In Goethe’s finest passages we notice what at first glance seems surreal, but in his finest passages it is simply him. Nietzsche and Jünger are a little bit German, but above all they are Goethean.
Surrealism is relative; this becomes obvious in the differences between species, in differences of type: a lion or an eagle are not distinguished from centaurs or chimeras by not being assembled out of different pieces.
It is too simplistic, but perhaps right all the same, to believe that in nature there is a modus in rebus, to deny that a castle can arise from stones thrown at random.
But the difference between the well-achieved and the surreal leads us to something of the kind: the puzzle pieces may fit even if they fit badly; this kind of assembly is the one that resists by not resisting idleness.
And isn’t this what we admire, and what we resent in the best?, that they are themselves and by their example show us what we have always intuited? What we are bound to be crystallizes, even more vehemently precisely when we try to inhibit it.

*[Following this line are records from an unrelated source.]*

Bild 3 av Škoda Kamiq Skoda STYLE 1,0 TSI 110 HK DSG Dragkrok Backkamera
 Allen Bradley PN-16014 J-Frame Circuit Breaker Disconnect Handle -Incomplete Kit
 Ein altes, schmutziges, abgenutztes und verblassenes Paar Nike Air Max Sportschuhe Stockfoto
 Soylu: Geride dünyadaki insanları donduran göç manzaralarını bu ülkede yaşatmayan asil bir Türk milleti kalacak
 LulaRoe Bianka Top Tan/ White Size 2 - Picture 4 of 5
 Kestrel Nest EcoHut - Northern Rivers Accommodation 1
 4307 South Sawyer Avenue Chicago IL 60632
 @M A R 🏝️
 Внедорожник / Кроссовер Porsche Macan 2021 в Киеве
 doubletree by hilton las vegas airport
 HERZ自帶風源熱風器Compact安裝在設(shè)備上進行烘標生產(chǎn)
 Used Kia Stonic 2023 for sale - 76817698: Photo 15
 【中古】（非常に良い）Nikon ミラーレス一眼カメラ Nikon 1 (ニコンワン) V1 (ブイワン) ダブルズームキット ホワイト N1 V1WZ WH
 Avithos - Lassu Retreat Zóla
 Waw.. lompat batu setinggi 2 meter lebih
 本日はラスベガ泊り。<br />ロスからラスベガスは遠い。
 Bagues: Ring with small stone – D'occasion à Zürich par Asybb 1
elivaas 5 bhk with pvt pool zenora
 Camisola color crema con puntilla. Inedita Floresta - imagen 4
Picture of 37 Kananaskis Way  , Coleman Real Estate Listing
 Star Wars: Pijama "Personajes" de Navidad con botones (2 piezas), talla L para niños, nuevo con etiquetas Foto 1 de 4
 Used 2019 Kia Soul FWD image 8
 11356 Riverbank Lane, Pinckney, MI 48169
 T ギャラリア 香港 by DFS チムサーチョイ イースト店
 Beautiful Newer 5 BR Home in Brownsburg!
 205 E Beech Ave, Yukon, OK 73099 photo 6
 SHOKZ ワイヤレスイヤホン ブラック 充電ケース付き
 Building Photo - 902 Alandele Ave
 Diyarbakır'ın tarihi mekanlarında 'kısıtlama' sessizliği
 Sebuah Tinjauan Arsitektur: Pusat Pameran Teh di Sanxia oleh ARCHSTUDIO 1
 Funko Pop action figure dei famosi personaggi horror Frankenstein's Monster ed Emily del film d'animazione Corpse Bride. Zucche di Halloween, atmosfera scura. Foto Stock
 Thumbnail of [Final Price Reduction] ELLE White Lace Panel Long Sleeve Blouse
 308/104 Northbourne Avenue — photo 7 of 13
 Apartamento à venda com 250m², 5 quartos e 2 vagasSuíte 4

There is the unity: the parts come from the same place, from the totality that determines the point; once we think it through, the question of how different things can fit well, all assembled together in a smaller sphere, is a bit of nonsense we leave behind.
The totality has force in its subsets too—lesser force—this reveals its nature in negation. Goethe almost no longer negated at the end of his life, amor fati.
This brings us to Descartes: what distinguishes the living from the dead if both are assembled from parts?
The line is gold, the points silver, that is: perhaps the machine does not endanger life, as Jünger proposes; perhaps what is more decisive there is the failure to recognize that the parts come from the totality that determines that point.
Hence the point has no parts for Da Vinci, every point is a bridge, a line; this fits well with the fact that it is not wise to divide the world in two, but perhaps the notion of entropy is being misread?, how can chaos be increasing as a whole and yet within the whole it still be possible to form?, doesn’t formation have as much right as deformation, what tells us that nature’s capacity to restore itself is, in the whole, something of lesser rank, something that always loses.
Is this not perhaps a confession of the limits of physics as we know it so far?, and especially of most physicists. Stupidity is constant; it gives genius consistency, fewer hunt than cook: a handful of higher human beings is enough; engineers, on the other hand, we will never have enough of.
The natural value of changing one’s mind later is given more by the need in us for what cannot vary than by other uses, and that is healthy, “that is art in art”; if nature wants it so, if in this way nature expresses the totality that determines the point, so be it; responsibility does not lose its value because of that.
Both Jesus and Einstein brought us closer to the meaning of the local, Jesus through the cross—this reaches much farther than was once thought, it is also a good equation; “We represent the possibilities we were granted, but we do not execute them; existence not only as complement but as function; one way of seeing the capacity we were granted, the local portion of our nature, is the force of ‘crossing’ our nature, something present in the lion and the eagle, or in the human figure, but also as exaggeration (where it becomes more evident) in surrealism. It gives the impression that art and religion get ahead of technique.
Crossing our nature, a matter of integrity: approach the unfamiliar through the familiar; the spiritual dimensions go much farther beyond and much nearer than our nature, toward nature, toward the totality that determines our nature; that we can cross it is something close to free will.